PHARMACISTS are being warned that the extended Urinary Tract Infection Pharmacy Pilot - Queensland (UTIPP-Q) "could end up a medicolegal disaster" for the profession.
In an opinion piece published by Medical Observer, GP and medicolegal advisor, Dr Craig Lilienthal, noted the Royal Australian College of General Practitioners' (RACGP's) warning that GPs should "be wary of the serious medicolegal risks if they end up managing patients caught up" in the trial.
"Once a pharmacist gets into a diagnostic or therapeutic dilemma, they are unlikely to have the training to get out of it," Lilienthal said.
"In my view, GPs should adopt the same attitude as many surgeons who refuse to fix another surgeon's poor surgery.

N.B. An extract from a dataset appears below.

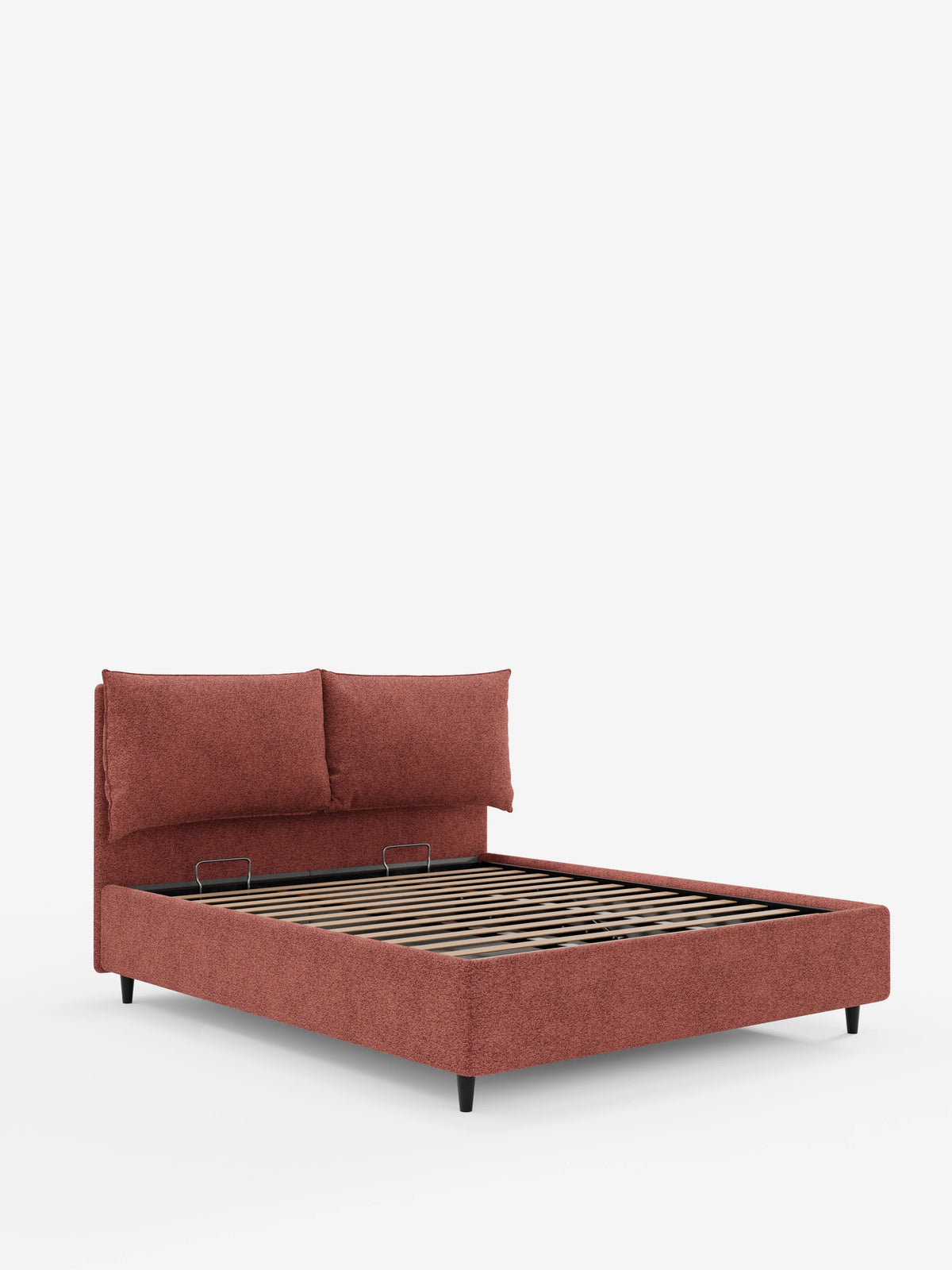 ZAYRON: letto imbottito con contenitore e morbidi cuscini regolabili, rivestito in tessuto effetto terracotta, caratterizzato da uno sfondo bianco, cuscini regolabili e una rete a doghe a vista.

"They simply send the patient back to the original surgeon... this could end up a medicolegal disaster for pharmacists."
He added that medicial indemnity insurers should remind GPs that "they many not be indemnified for claims against them that have resulted from the direct actions of an ancillary practitioner".
Lilienthal urged GPs facing patients who have participated in the UTIPP-Q to carefully document the nature and extent of the presenting issues, record the advice that was given by the pharmacist and "determine if the patient is likely to come to any harm".
He said that GPs should then decided whether it is "in their medicolegal interest to get involved in the patient's possible mismanagement and rehabilitation and ensuing litigation", and report the situation to their indemnity insurer.
Lilienthal added that they should contact the pharmacist to "warn them of the problem and suggest they contact their insurer".